§ PROBLEM STATEMENT:
Below this line are records; transcribe exactly the lines between the one holding "2065 Casa Grande Pasadena, CA 91104" and the one holding "BMW X5 xDrive25d - fotka 17 z 26", inclusive, and omit the pictures.

§ DATASET CONTENT:
Segment Open
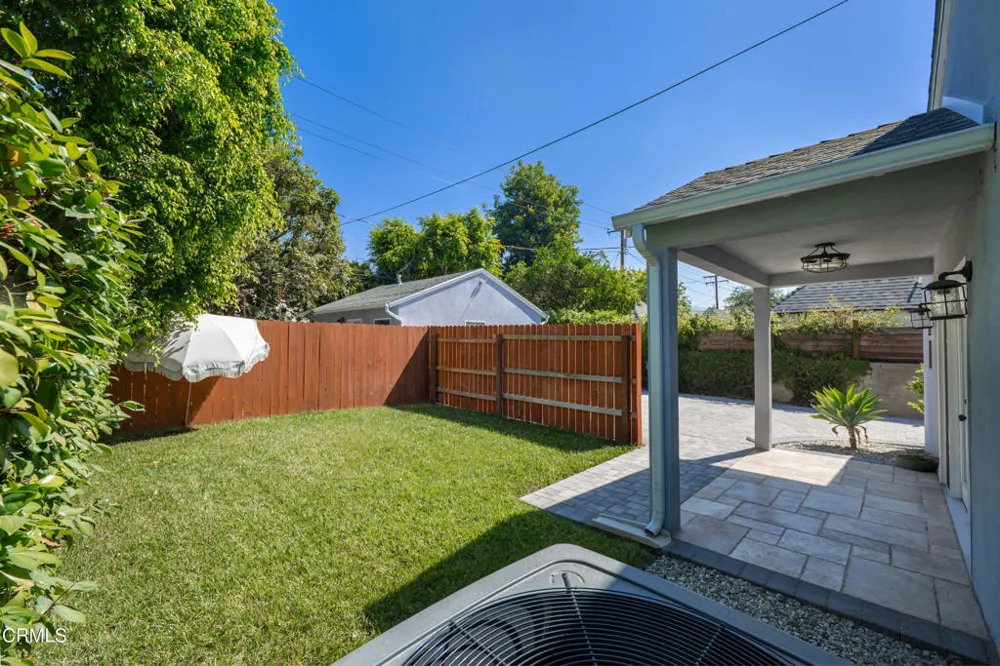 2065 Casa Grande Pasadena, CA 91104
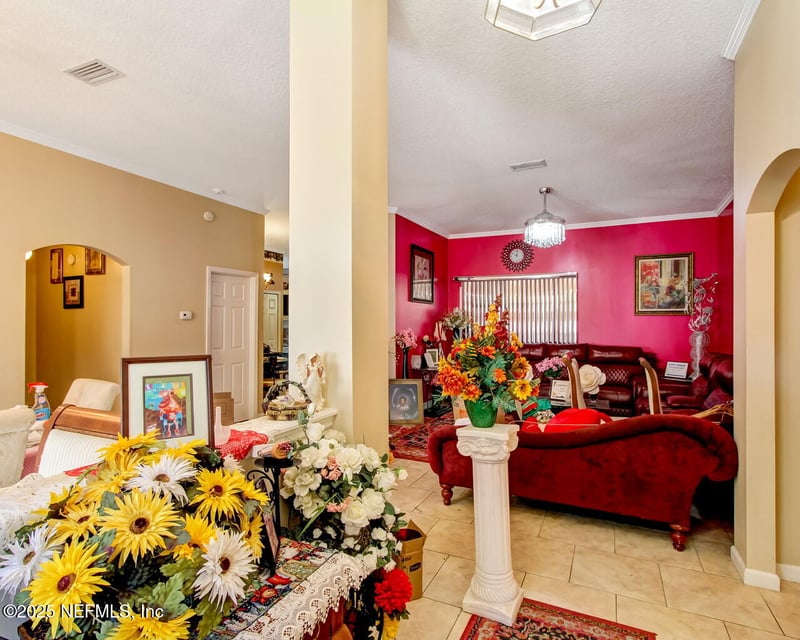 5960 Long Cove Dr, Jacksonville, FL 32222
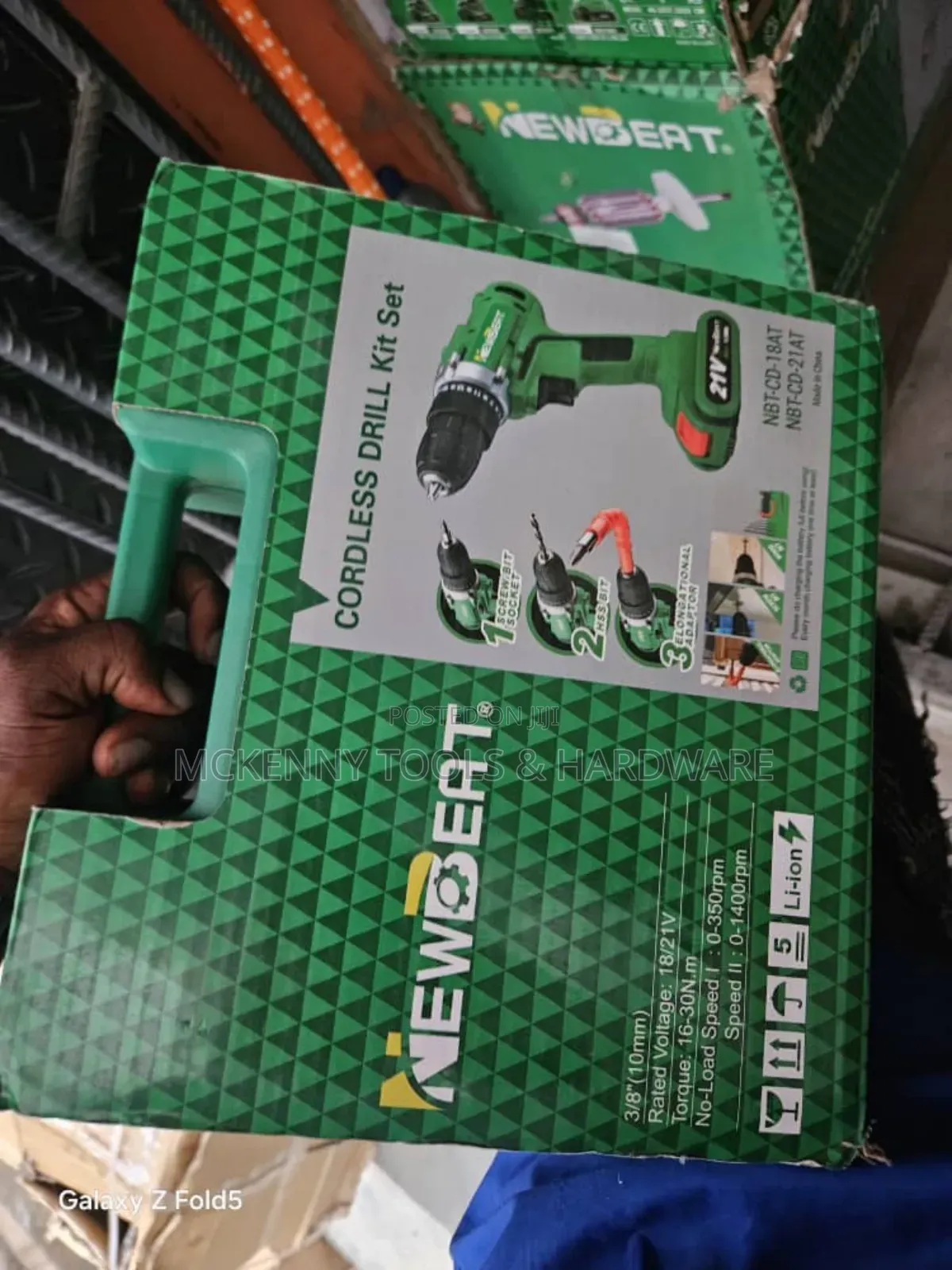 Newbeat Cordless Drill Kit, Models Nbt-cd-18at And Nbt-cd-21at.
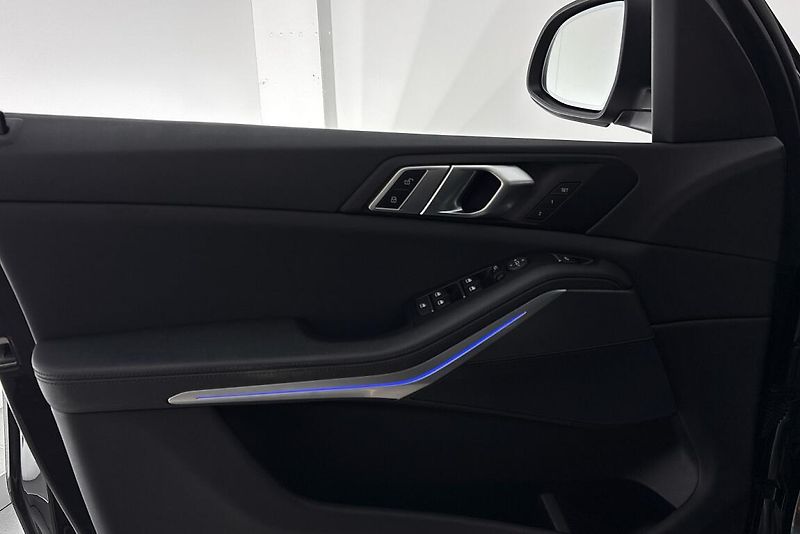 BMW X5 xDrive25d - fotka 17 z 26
Segment Closed
Segment Open
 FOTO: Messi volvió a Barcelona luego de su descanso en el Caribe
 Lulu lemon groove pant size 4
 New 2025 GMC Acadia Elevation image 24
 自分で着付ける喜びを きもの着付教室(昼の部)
Segment Closed
§ WRITTEN SOLUTION:
 2065 Casa Grande Pasadena, CA 91104
 5960 Long Cove Dr, Jacksonville, FL 32222
 Newbeat Cordless Drill Kit, Models Nbt-cd-18at And Nbt-cd-21at.
 BMW X5 xDrive25d - fotka 17 z 26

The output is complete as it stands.